Drop_last doesn't drop the last batch

rahul_ram · October 7, 2024, 5:19pm

This is my dataset’s __getitem__ function:

def __getitem__(self, index):
        input_path = self.input_dir + self.list_of_files[index] + '.jpg'
        target_path = self.target_dir + self.list_of_files[index] + '.png'

        input = torch.from_numpy(cv2.imread(input_path))
        target = torch.IntTensor(cv2.imread(target_path,
                                            flags= cv2.IMREAD_UNCHANGED))

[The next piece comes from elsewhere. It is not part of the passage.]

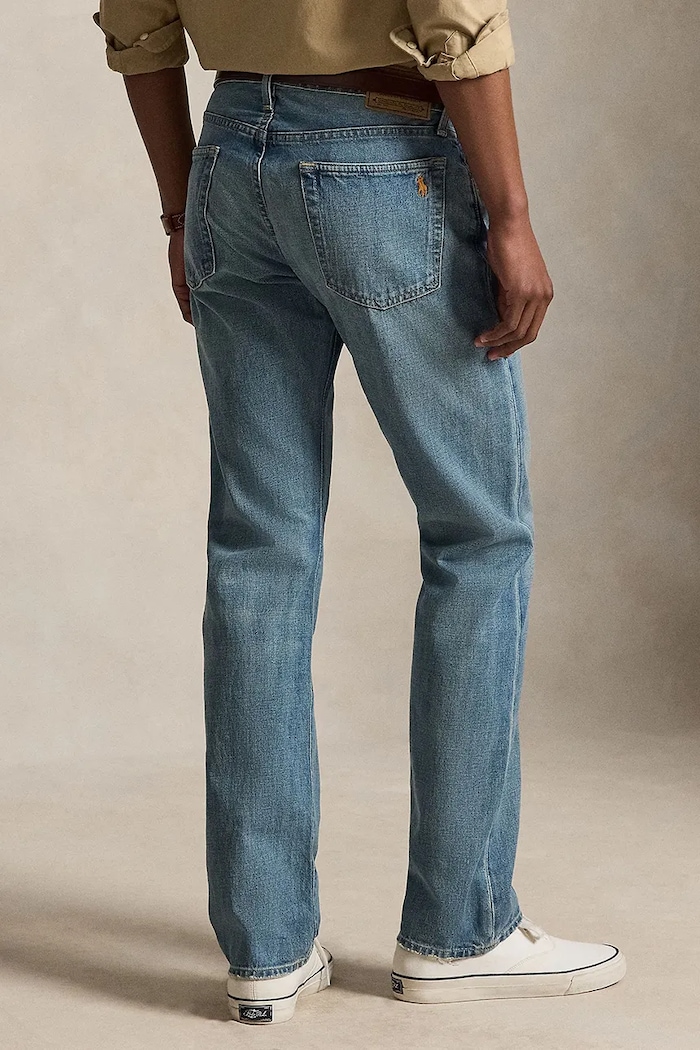 Polo Ralph Lauren straight jeans Men's — photo 2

        if len(target.shape) == 2:
            target = target[None, :, :]

        for transform in self.transforms:
            input = transform(input)
            target = transform(target)

        target -= 1
        target = target.type(torch.int64)
        target = N.functional.one_hot(target, num_classes)
        target = target.squeeze().type(torch.float32).permute(2,0,1)

        return (input, target)

Here’s the code to my dataset objects and dataloaders:

training_data = OxfordPetDataset('trainval', transforms= transforms)
test_data = OxfordPetDataset('test', transforms= transforms)

train_dataloader = DataLoader(training_data, batch_size= batch_size,
                              shuffle= True, drop_last= True)
test_dataloader = DataLoader(test_data, batch_size= batch_size,
                             shuffle= True, drop_last= True)

transforms simply resizes the input into a certain dimension. Not entirely sure what’s wrong?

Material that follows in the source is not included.